Thank you, I linked the file in the first comment, you can find it here: https://github.com/scikit-hep/uproot4/files/7583947/TAtest2.root.txt. Thanks for looking into this!
Oh, thanks! I didn't see that.
What are some expected values in the first entry? I found the class name for this object:
>>> uproot.model.classname_decode(trkana['demcent/_mom'].interpretation.model.__name__)
('ROOT::Math::DisplacementVector3D<ROOT::Math::Cartesian3D<float>,ROOT::Math::DefaultCoordinateSystemTag>', 1)

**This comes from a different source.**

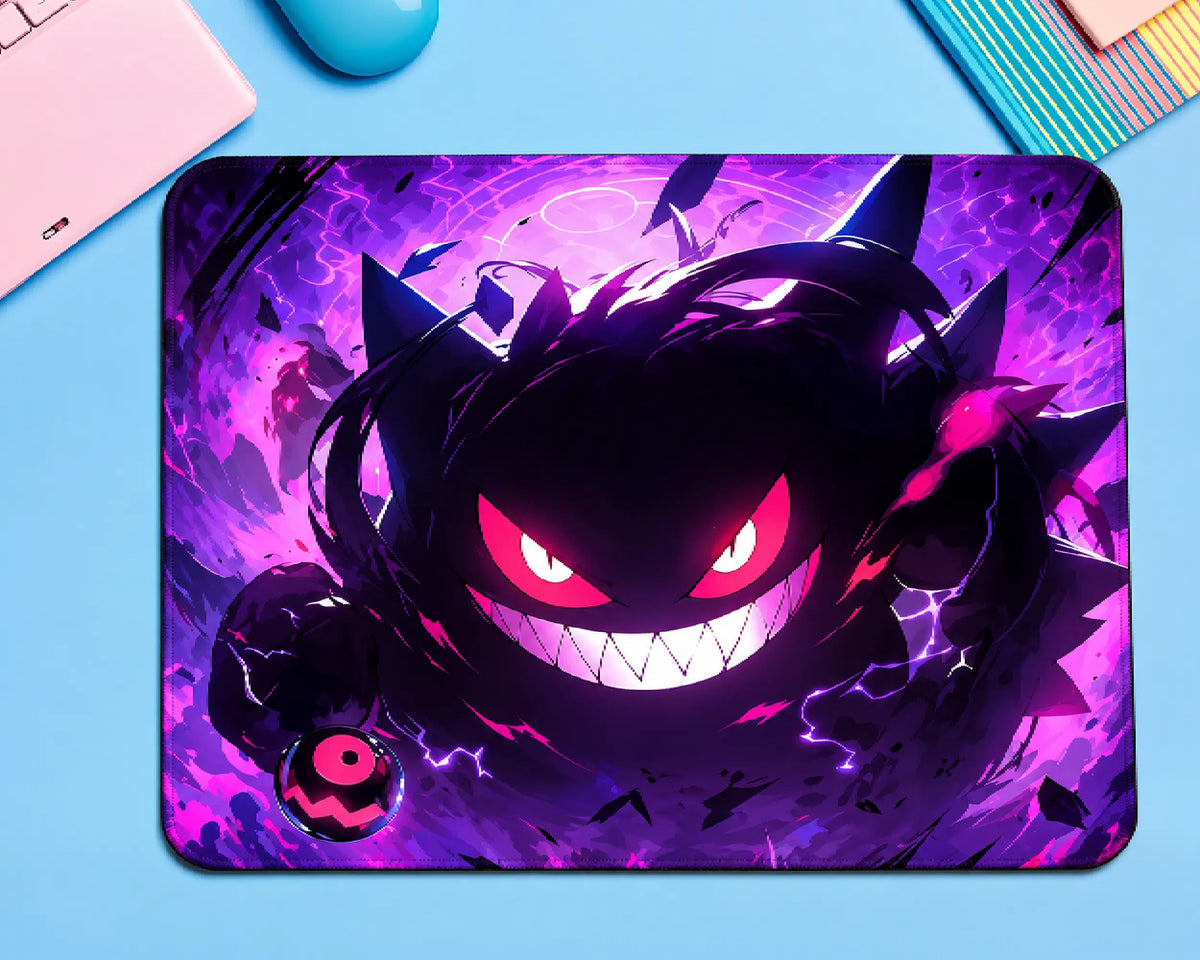 Gengar Pokémon gaming mouse pad featuring a fierce dark-purple ghost with glowing pink eyes, a sharp white grin, and vibrant violet and magenta energy effects.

(That's a long one!) And here's its streamer:
>>> file.file.streamer_named('ROOT::Math::DisplacementVector3D<ROOT::Math::Cartesian3D<float>,ROOT::Math::DefaultCoordinateSystemTag>').show()
ROOT::Math::DisplacementVector3D<ROOT::Math::Cartesian3D<float>,ROOT::Math::DefaultCoordinateSystemTag> (v1)

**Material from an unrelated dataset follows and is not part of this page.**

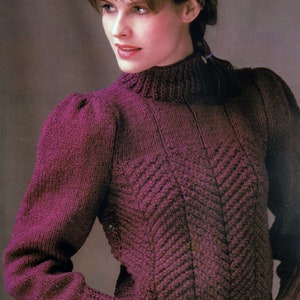 May include: A purple knitted sweater with a high neck and a chevron pattern. The sweater has puffed sleeves and is shown on a model wearing a patterned headband. The text "PDF Pattern" is at the bottom of the image.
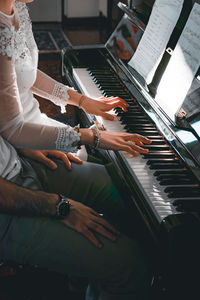 Midsection of people playing piano at home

fCoordinates: ROOT::Math::Cartesian3D<float> (TStreamerObjectAny)
Okay, so it only contains one thing, a ROOT::Math::Cartesian3D<float>
. Here's the streamer for that:
>>> file.file.streamer_named('ROOT::Math::Cartesian3D<float>').show()

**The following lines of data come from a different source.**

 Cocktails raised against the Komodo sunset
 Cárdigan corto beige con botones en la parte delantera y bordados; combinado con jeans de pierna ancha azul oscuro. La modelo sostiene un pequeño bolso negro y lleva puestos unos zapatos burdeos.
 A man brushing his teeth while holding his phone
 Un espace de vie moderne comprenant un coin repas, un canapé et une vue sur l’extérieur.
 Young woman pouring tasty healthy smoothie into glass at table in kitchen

ROOT::Math::Cartesian3D<float> (v1)
fX: float (TStreamerBasicType)
fY: float (TStreamerBasicType)
fZ: float (TStreamerBasicType)
Okay, so all of the values are float32
(not float64
).
Let's dump the raw bytes of the first event, first in a debugging form and then as an array:
>>> trkana['demcent/_mom'].debug(0)
--+---+---+---+---+---+---+---+---+---+---+---+---+---+---+---+---+---+---+---+-
64 0 0 28 0 0 84 86 37 100 64 0 0 18 0 0 234 251 160 10
@ --- --- --- --- --- T V % d @ --- --- --- --- --- --- --- --- ---
--+---+---+---+---+---+---+---+---+---+---+---+---+---+---+---+---+---+---+---+-
193 50 176 181 66 170 107 13 66 103 210 9
--- 2 --- --- B --- k --- B g --- ---
>>> trkana['demcent/_mom'].debug_array(0)
array([ 64, 0, 0, 28, 0, 0, 84, 86, 37, 100, 64, 0, 0,
18, 0, 0, 234, 251, 160, 10, 193, 50, 176, 181, 66, 170,
107, 13, 66, 103, 210, 9], dtype=uint8)
Oh, wait a minute: the non-strided interpretation works:
>>> slow_interpretation = uproot.interpretation.identify.interpretation_of(trkana['demcent/_mom'], {}, False)
>>> trkana['demcent/_mom'].array(slow_interpretation)
<Array [{fCoordinates: {fX: -11.2, ... ] type='101 * struct[["fCoordinates"], [s...'>
>>> trkana['demcent/_mom'].array(slow_interpretation)[0].tolist()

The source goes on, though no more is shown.